The task:
Using the data below, restate exactly every line from the one with "ZONESUN ZS-AFS03L Liquid" up to and including the one with "Kendrick Lamar &". No picture belongs in it.
'''
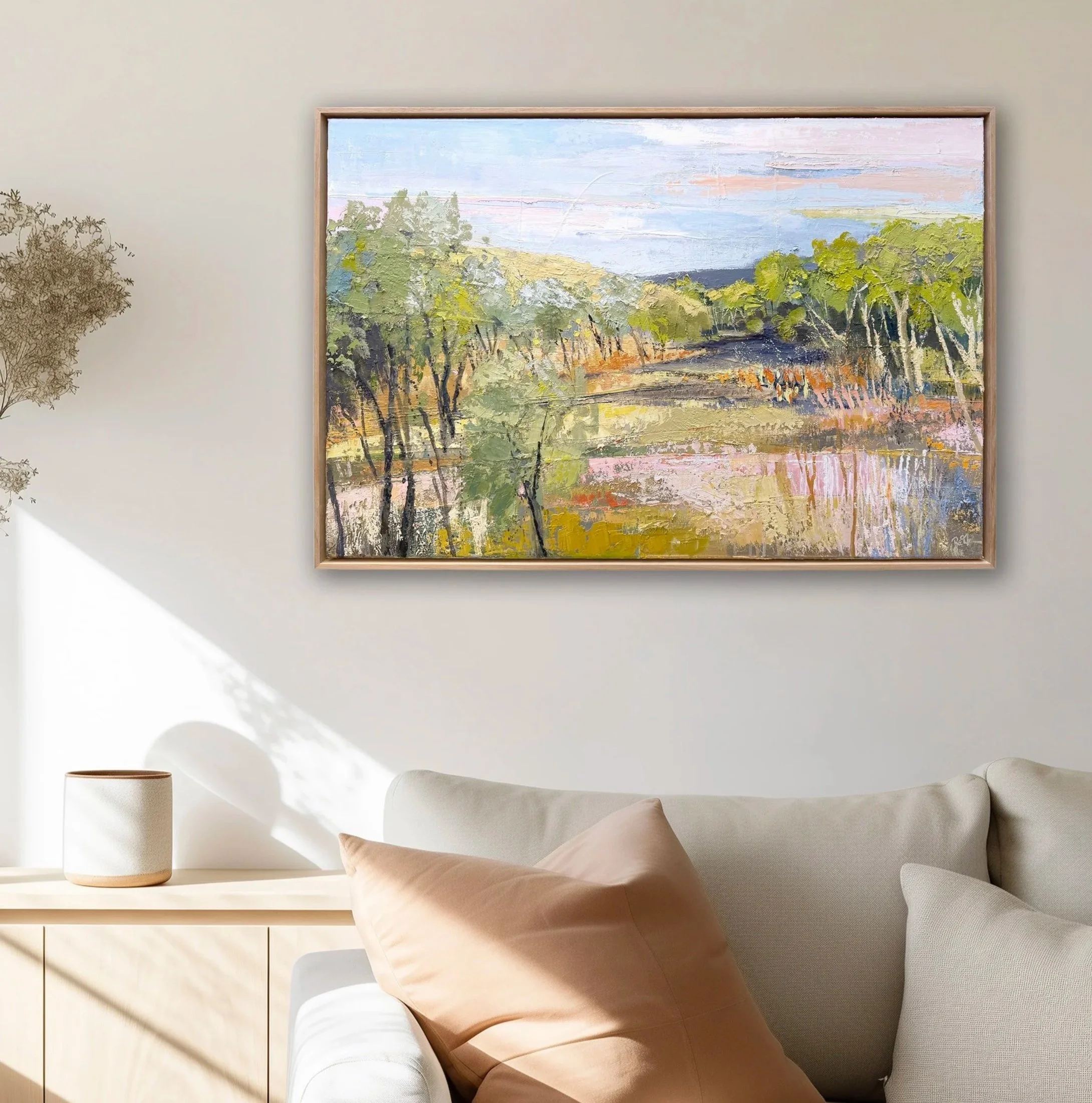 Remembered Hills, 64 x 94cm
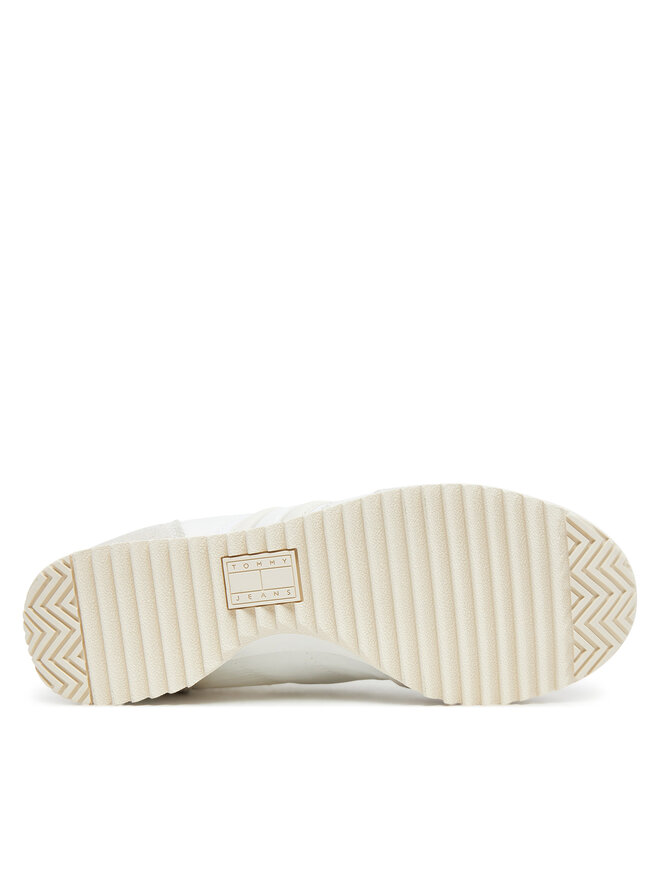 Tommy Jeans Снікерcи Tommy Jeans Tjw Retro Runner Cleated EN0EN02717 Білий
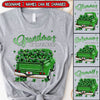 Grandma Auntie Mom Truck Loads Of Little Shamrock Kids, St Patrick's Day Personalized T-shirt & Hoodie NVL02FEB23TP2 Black T-shirt and Hoodie Humancustom - Unique Personalized Gifts Classic Tee Black S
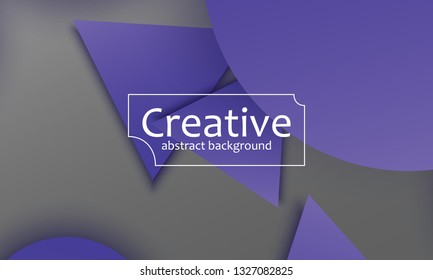 Geometric background. Material design. Minimal abstract cover. Creative colorful wallpaper. Trendy gradient poster. Vector illustration.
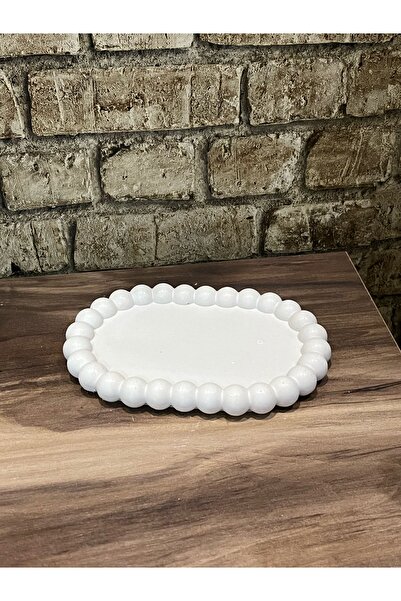 Rüya Dizayn Dekoratif Şık Tasarımlı Taş Tuzundan Hediyelik Tabak Sunumluk Anahtarlık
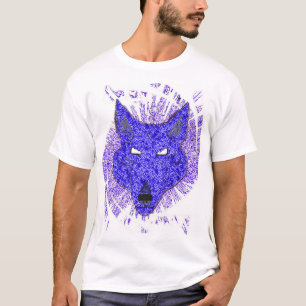 Camiseta Lobo azul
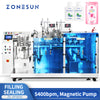 ZONESUN ZS-AFS03L Liquid Pouch Filler & Sealer for Milk, Juice & Energy Drink Packaging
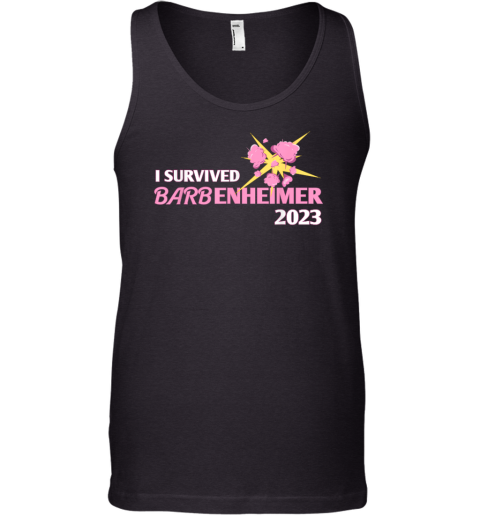 I Survived Barbenheimer 2023 Funny Tank Top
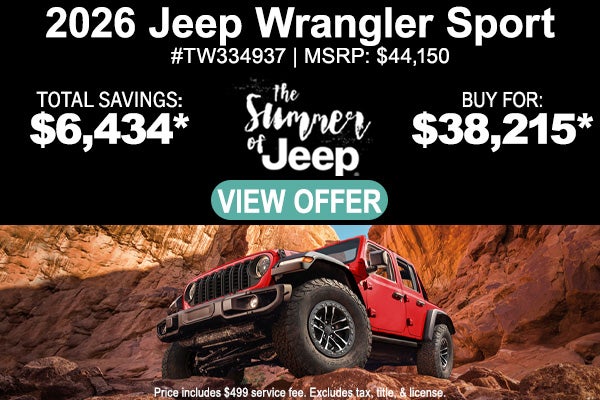 2026 Jeep Wrangler Sport
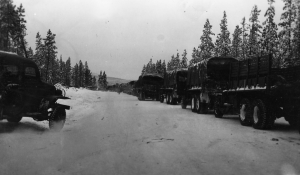 The Black 93rd Engineers received supplies and equipment, from toilet paper to fuel, delivered by the 134th Quartermaster truck company in 1942.
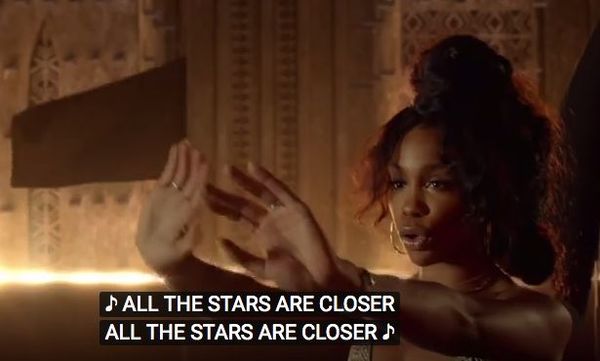 Kendrick Lamar & SZA Make A Video For "All The Stars"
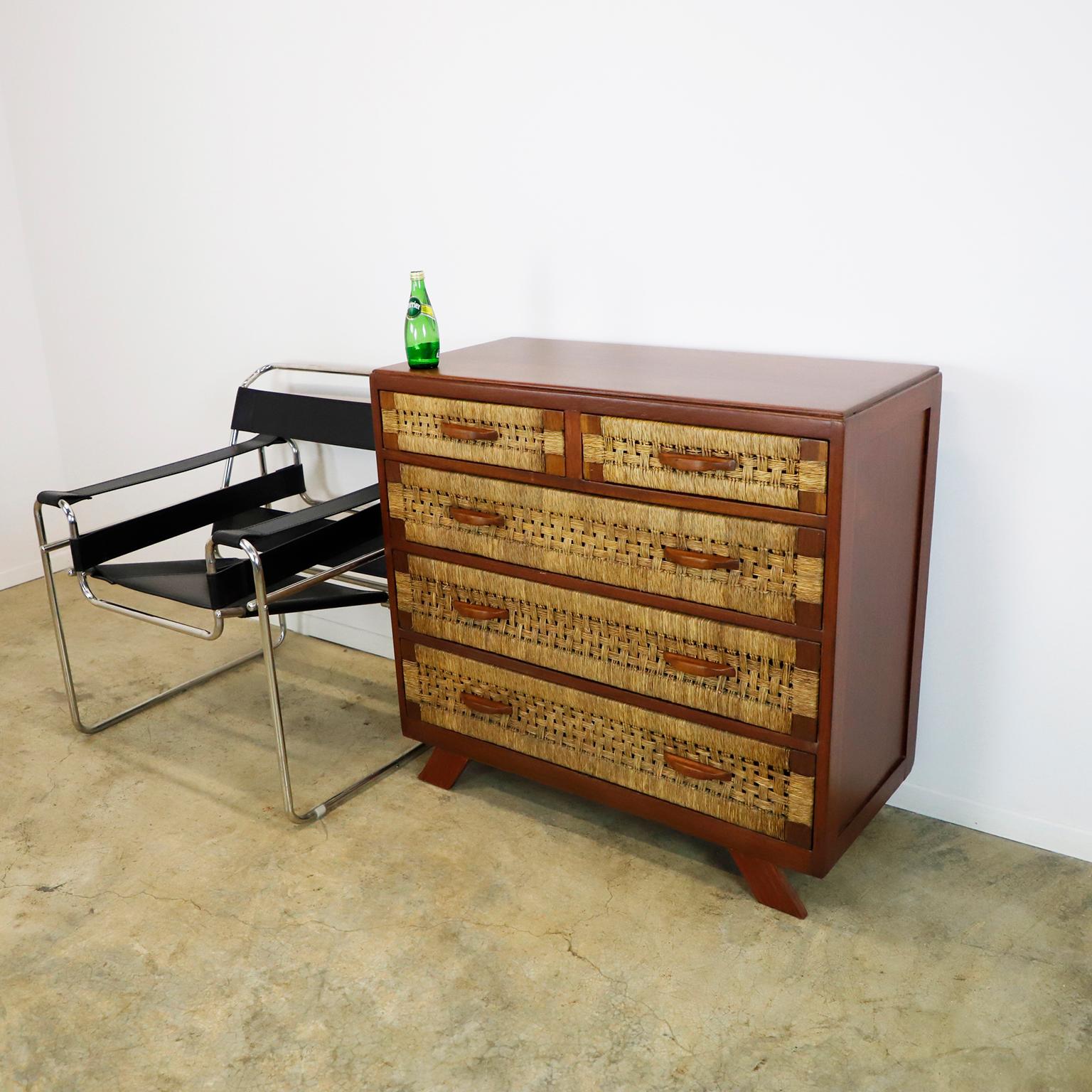 Mexican Midcentury Drawer in the Style of Clara Porset For Sale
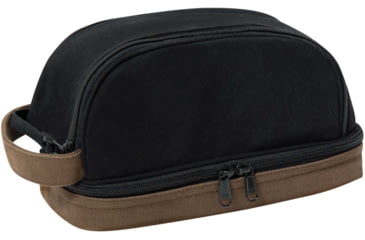 Image of Rothco Deluxe Canvas Travel Kit, Black, 1854-Black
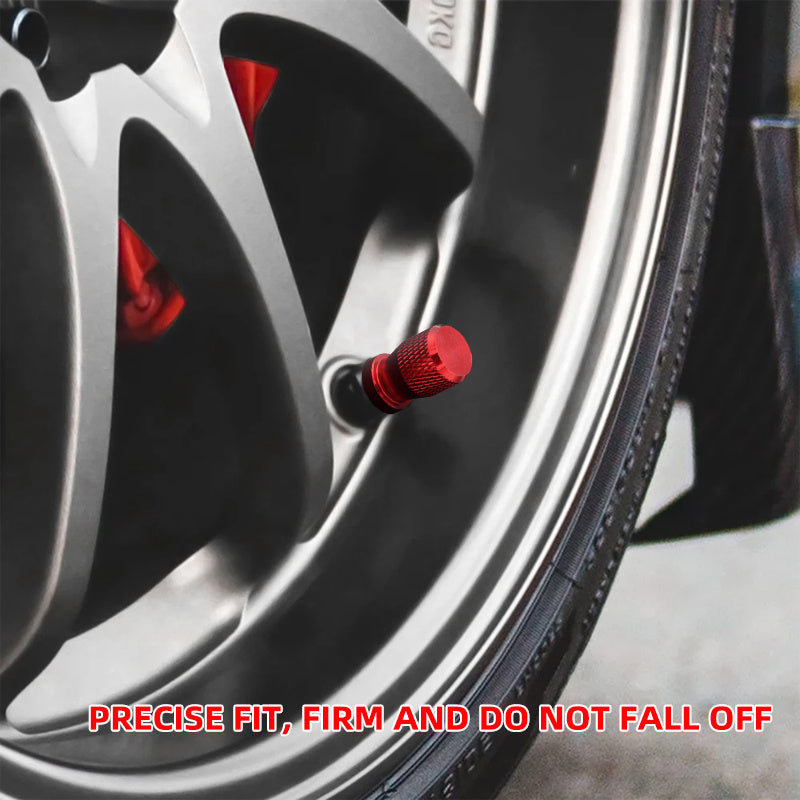 4pcs Aluminum Tire Valve Stem Cap Covers for Car Wheels Black Durable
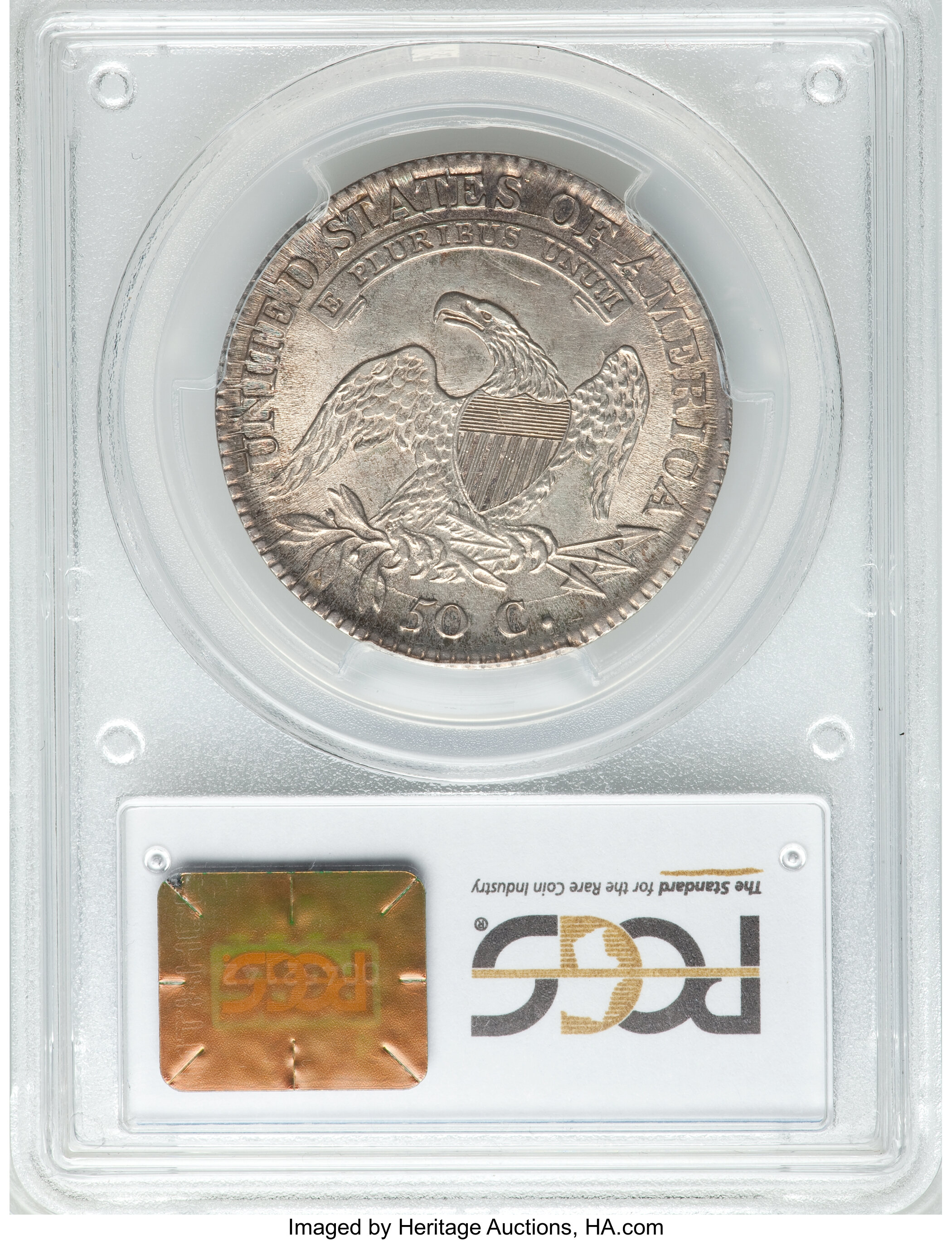 image for: 1811 50C Small 8, O-106, R.3, AU58 PCGS....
'''
Solution for this exercise:
 ZONESUN ZS-AFS03L Liquid Pouch Filler & Sealer for Milk, Juice & Energy Drink Packaging
 I Survived Barbenheimer 2023 Funny Tank Top
 2026 Jeep Wrangler Sport
 The Black 93rd Engineers received supplies and equipment, from toilet paper to fuel, delivered by the 134th Quartermaster truck company in 1942.
 Kendrick Lamar & SZA Make A Video For "All The Stars"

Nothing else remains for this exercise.